Não é pouco. Até bem pouco tempo atrás, era muito. Agora, não. Ultrapassar os 90 anos de vida é algo que será corriqueiro e não exceção. 

Nesse contexto de pensar na idade do meu amigo, e na minha também, obviamente, recebi uma brincadeira de uma amiga, onde teria de escolher entre uma pílula vermelha e outra azul. 

Tomasse a vermelha e eu regrediria no tempo para corrigir os erros que cometi nos meus 55 anos, 11 meses e 17 dias de existência. 

Tomasse a azul, receberia uma bolada de 10 milhões de dólares para gastar onde e com o que quisesse.

Escolhi a azul. Ela me disse que a maioria escolheu a vermelha e me perguntou se eu não me arrependo do que fiz. Eu disse que não fiz nada que 10 paus não consertassem… Rimos. 

A segunda-feira seguiu e me dei conta que eu seguia pensando na brincadeira e… na resposta da maioria.

Eu fui hipócrita. Eu queria que algum dinheiro fosse o suficiente para corrigir do que me arrependo. Mas não é. Nem todo o dinheiro do mundo seria.

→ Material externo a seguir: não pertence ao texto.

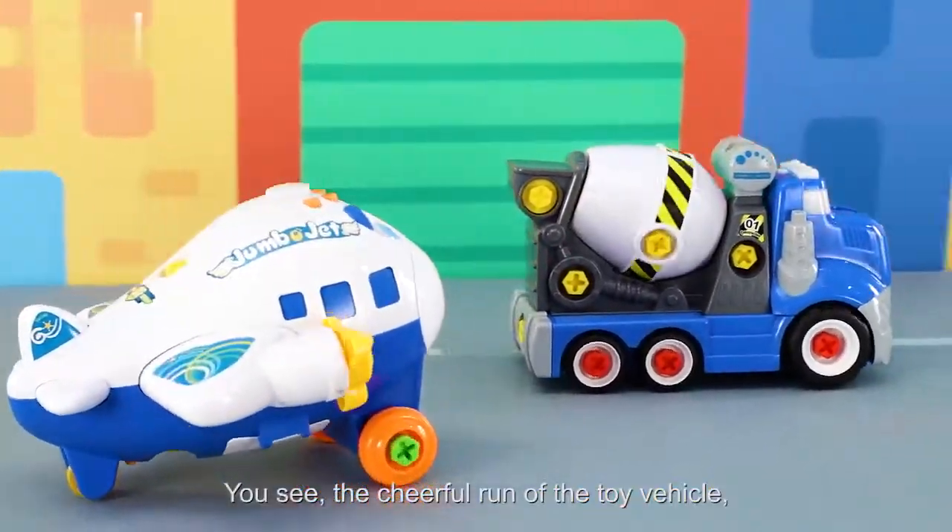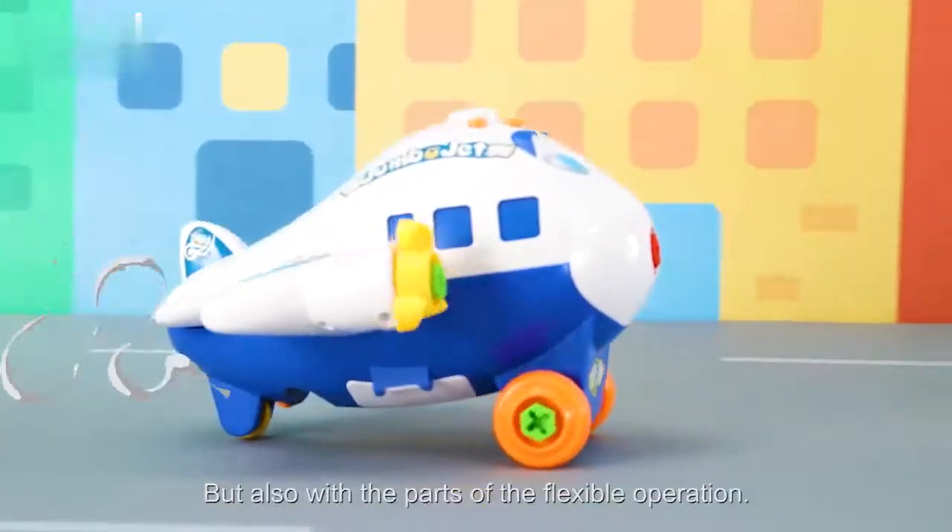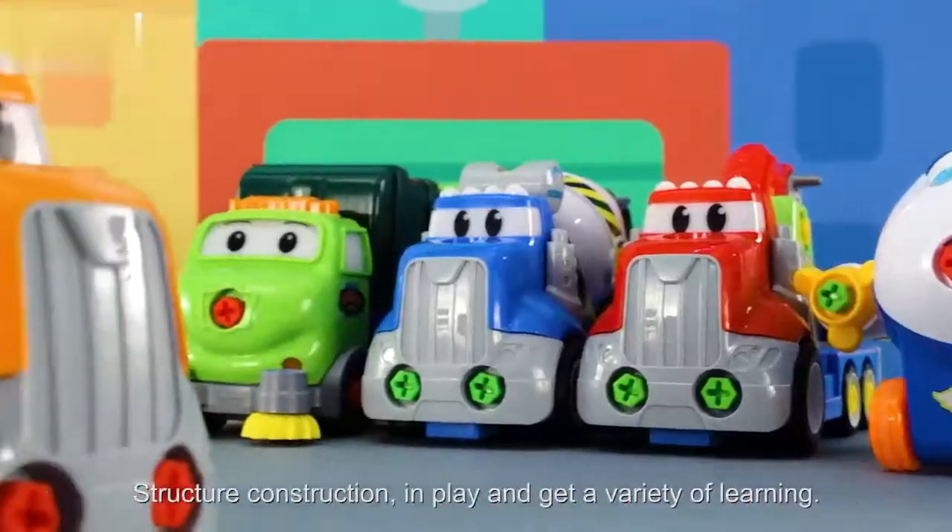Whichever one of the tow vehicles, also with the parts of the flexible operation, the children through experimental operations and structure construction. Camille Tows.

A primeira bobagem que fiz, se houve alguma anterior eu não me lembro, foi me omitir de falar a verdade. Eu tinha 9 anos, estava na 3° série e na volta do recreio alguém na sala de aula acusou o sumiço de uma borracha. A dona Claudete, ou seria Valdete?, iniciou uma acareação. A situação saiu de controle e a culpa recaiu sobre o Geraldo, um menino negro, mais velho, conhecido por ser repetente, o que era a pior marca que uma criança podia ter. Eu sabia quem tinha escondido a borracha. Eu sabia que não era o Geraldo o autor daquela malvadeza. Eu sabia e me omiti.

Anos depois. Muitos. Eu já era jornalista e me encontrei com o Geraldo. Ele era assessor de um político importante. Nossos olhares se cruzaram e ele me fuzilou como se dissesse: Eu conheço o seu passado. Eu me envergonhei. Fiquei constrangido. Mas nem assim tive coragem de lhe pedir perdão. O evento acabou e nunca mais nos encontramos.

Quando eu tinha 17 anos, ouvi de um colega que ele havia ido numa festa. E bebidas e fumaça depois transou com uma moça. E estava feliz com a sua aventura. Ao contrário do que eu havia feito na 3° série, dessa vez não me omiti. E contei à namorada dele, que era minha amiga, não apenas uma colega, o que ele havia feito. Ela terminou o namoro, mesmo apaixonada por ele. Talvez, se eu não soubesse do ocorrido, ela o tivesse perdoado. Sei que ela sofreu. Se eu tivesse me omitido, eles teriam se casado e sido felizes. Ela se casou três vezes e nunca se sentiu completa.

Fiz coisa pior do que essas, asseguro. Mas também não é aqui que vou fazer a confissão do meu “grande pecado”. Não tenho estrutura para anunciá-lo. Sim, um único grande, sucedidos de vários outros menores. Um que apenas a pílula vermelha, de voltar no tempo, seria capaz de corrigir. Dinheiro algum tem esse poder.